Your final sum will mostly be dominated by the largest addend. The simplest algorithm to exploit this could go like this (I cannot prove this):

  1. sort points descending by their nearest-neighbor distance
  2. form pair of first entry and its nearest neighbor
  3. remove pair from list
  4. if list not empty goto 1.

This should work very often.

Since you are essentially looking for a clustering algorithm for clusters of 2 this link or a search for clustering algorithms for jet reconstruction might be interesting. People in the experimental particle physics community are working on heuristic algorithms for problems like this.

honk
-1. As I wrote to Hamish, a greedy algo like yours underestimates the difficulty of the problem. And having a short look to your links, they seem to point in a completely wrong direction.
Doc Brown
@Doc I didn't say this would always work, and btw Harmish's algorithm started with the closest pair. Maybe you have something in mind that always works (I would be interested)
honk
@honk: I think (besides the obvious 'brute force' solution) the links given by Moron contain valid algorithms. They are just hard to read for non-mathematicians and probably not easily to implement.
Doc Brown
@Doc Agree. You or moron should really write up a schematic implementation of the algorithm for this 'simple' case though so we all can understand it. Looking at google results you could easily become the Number 1 hit for this topic ;)
honk
How do you "sort points by their nearest neighbour distance"? The pairwise nearest neighbour distance doesn't provide a total order for points.
Nick Johnson
@nick Agreed, for gridded points this might get it totally wrong. If the points are not on a grid though the difference between half and total order shouldn't matter too much *I'd guess*.I assume that there is a "loner point" dominating the sum (which has not to hold at all). If the points are too evenly distributed the sum I outlined might easily be dominated not by the first addend, but by the *last*.But for a not too small number of not too evenly distributed points this should still give a not too bad guess.Should I remove answer this answer since it depends on too many *not too's*?
honk
No, my point is that you simply can't sort a list by a property that pairs of elements have unless that property provides a total order - and the euclidian distance between elements isn't that. Perhaps you meant something else by "sort points descending by their nearest-neighbor distance"?
Nick Johnson
@nick sure you can: for every point find it's NN, measure the distance, that's the number *this* point gets, sort
honk
A: 

After googling a while, I found some other references to minimum weight perfect matching algorithms which might be easier to understand (at least, easier to a certain degree).

EDIT

Here I found a python implementation of one of those algorithms. It has 837 lines of code (+ some additional unit tests), and I did not try it out by myself. But perhaps you can use it for your case.
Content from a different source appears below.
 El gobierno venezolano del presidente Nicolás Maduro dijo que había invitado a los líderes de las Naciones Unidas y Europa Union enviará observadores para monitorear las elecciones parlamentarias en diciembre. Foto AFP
Here is a link to an approximation algorithm for the problem. Of course, the style of the paper is mathematical, too, but IMHO much easier to understand than the paper of Cook and Rohe. And it states in its preface that it aims exactly for the purpose to be easier to implement than Edmond's original algorithm, since you don't need a linear programming solver.

EDIT2:

After thinking a while about the problem, IMHO it must be possible to set up an A* search for solving this problem. The search space here is the set of 'partially matchings' (or partially paired point sets). As Moron already wrote in his comments, one can restrict the search to the situation where no pairs with crossing connecting lines exist. The path-cost function (to use the terms from Wikipedia) is the sum of the distances of the already paired points. The heuristic function h(x) can be any under-estimation for the remaining distances, for example, when you have 2M points not paired so far, take the sum of the M minimal distances between all of those remaining points.

That one will probably be not as efficient as the algorithm Moron pointed to, but I suspect it will be much better than 'brute force', and much easier to implement.

Doc Brown
The first link you gave has approximation algorithms.
Moron
Ups, you are right, I overlooked that at the first glance. I will edit my answer appropriately.